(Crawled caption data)
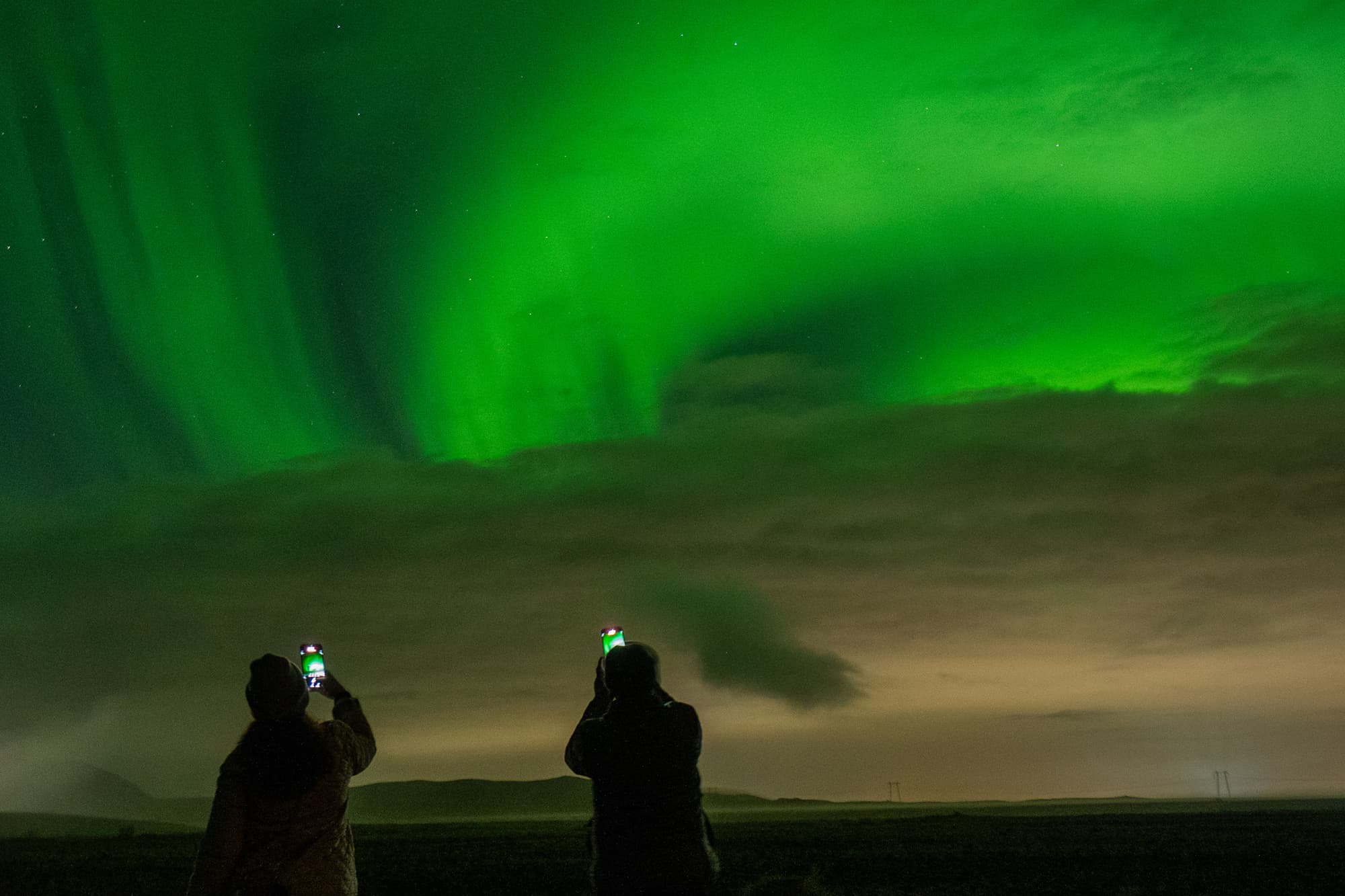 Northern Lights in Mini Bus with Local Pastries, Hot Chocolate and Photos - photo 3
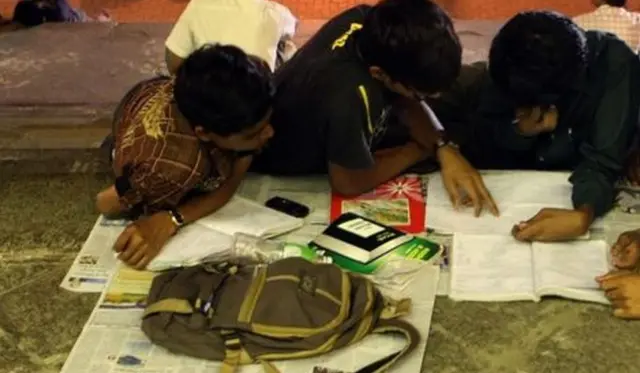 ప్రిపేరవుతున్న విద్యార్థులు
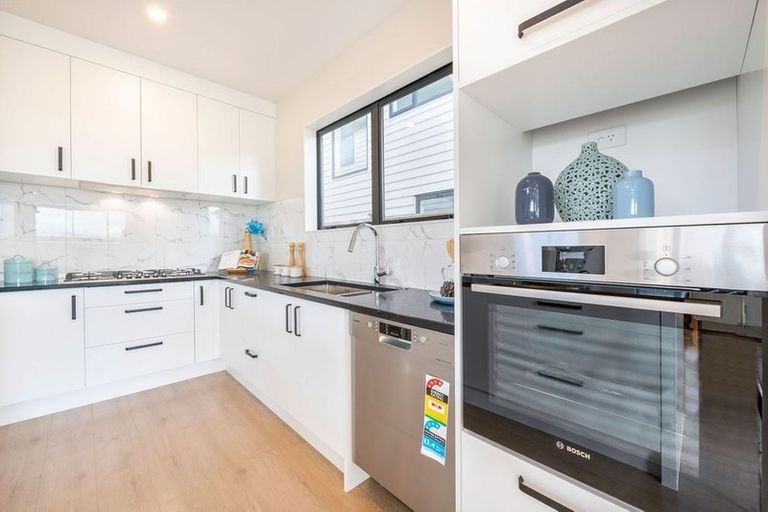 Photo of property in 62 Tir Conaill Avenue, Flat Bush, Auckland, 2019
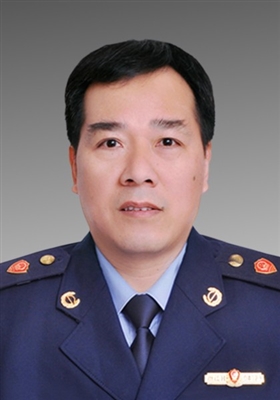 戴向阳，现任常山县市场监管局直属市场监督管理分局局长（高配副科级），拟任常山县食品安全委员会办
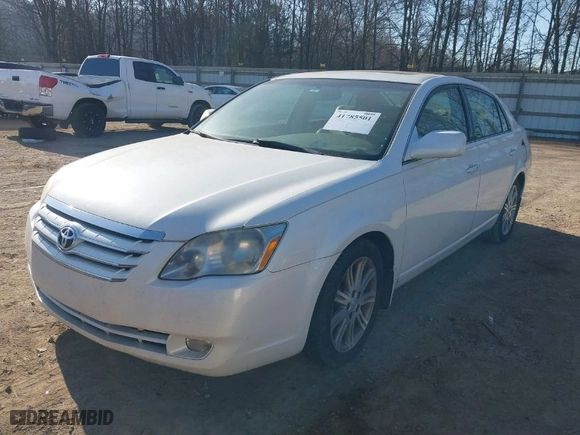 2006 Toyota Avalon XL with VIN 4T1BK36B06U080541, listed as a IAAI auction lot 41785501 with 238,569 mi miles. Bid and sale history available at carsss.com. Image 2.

- GOAL OF THE EXERCISE
Wherever a picture appears, omit it; copy the rest of the data exactly.

- TASK ANSWER
 Northern Lights in Mini Bus with Local Pastries, Hot Chocolate and Photos - photo 3
 ప్రిపేరవుతున్న విద్యార్థులు
 Photo of property in 62 Tir Conaill Avenue, Flat Bush, Auckland, 2019
 戴向阳，现任常山县市场监管局直属市场监督管理分局局长（高配副科级），拟任常山县食品安全委员会办
 2006 Toyota Avalon XL with VIN 4T1BK36B06U080541, listed as a IAAI auction lot 41785501 with 238,569 mi miles. Bid and sale history available at carsss.com. Image 2.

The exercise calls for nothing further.